One of the first schools in Gadsden was that of Miss Fannie Fullenwider’s classroom on Eighth Street, located where the Woodruff family once lived.

A brilliant woman and a very capable teacher, Miss Fannie had a way with children. They loved her but also respected her authority, and she never had to deal out much physical punishment. Every year, Miss Fannie put together an Easter egg hunt for the children and presented each of them with an Easter card.

Miss Fannie taught good manners as well as the three “r’s.” She had an invariable rule that if a boy was caught saying a bad word,. he had to wash his mouth out with strong soap. She stood over the boy in order to make sure that he did a good job of it. It was said that Miss Fannie permanently cured several students of the habit of cursing.

One of the first baseball game played outside Miss Fannie’s schoolroom featured Martin Sibert as catcher and Miss Betty Tolson as pitcher. Betty wore spectacles and reportedly was very a good player.

Although the next school in town was called a public school, students had to pay tuition. The students were taught in a wooden building that was replaced in 1911 by the Striplin Building (pictured above at right) on the current site of the Gadsden Public Library.

Professor A.B. Goodhue, an old-time pedagogue, was the principal of this “public” school. He was for many years a member of the faculty of Howard College. Goodhue came to Gadsden from Oxford, where he conducted a famous preparatory school for years. His assistants were J.W. Dubose, his son David P. Goodhue, Mrs. C. Dunn and J.C. Hail.

Thevery  first school in Gadsden was known as The Academy, established in the late 1860s by Dr. William Heath and located on Locust Street. Local historian Will I. Martin visited The Academy in 1878 after Heath’s death in 1877. Martin remembered a recital given by Miss Fannie B. Hodges, a beautiful girl from one of the leading families of the city.

Martin eventually was scrubbed “within an ace of Godliness” for his trespassing.

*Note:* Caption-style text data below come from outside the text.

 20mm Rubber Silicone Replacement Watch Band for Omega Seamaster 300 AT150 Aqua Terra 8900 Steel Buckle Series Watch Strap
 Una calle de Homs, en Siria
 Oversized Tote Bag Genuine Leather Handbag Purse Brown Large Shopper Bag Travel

After the scrubbing, he was turned over to two older boys who served as escorts. The trio eventually passed through the old downtown graveyard located behind the site of the old city hall located on Fifth Street across from the current Cultural Arts building.

Martin’s escorts soon began shooting peas through quills at spectators and speakers on the stage, and trio was promptly bounced out into the cemetery after being called bad boys.

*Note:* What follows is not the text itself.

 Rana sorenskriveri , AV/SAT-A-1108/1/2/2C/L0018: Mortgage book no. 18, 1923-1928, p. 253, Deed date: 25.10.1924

The boys soon became the best of companions, for they knew the shortest route to the best swimming holes in the Coosa River, Town Creek, Black Creek and Big Wills Creek, as well as the best ways to get out of watermelon and sugarcane patches and plum orchards when caught trespassing.

The boys attended school at Tunnel Block located on North Broad Street close to Sixth Streets, which was taught by professors Potter and Bailey. Their classroom was located in a vacant storeroom on the sidewalk level with a store underneath. It was there that the boys learned most of their tricks.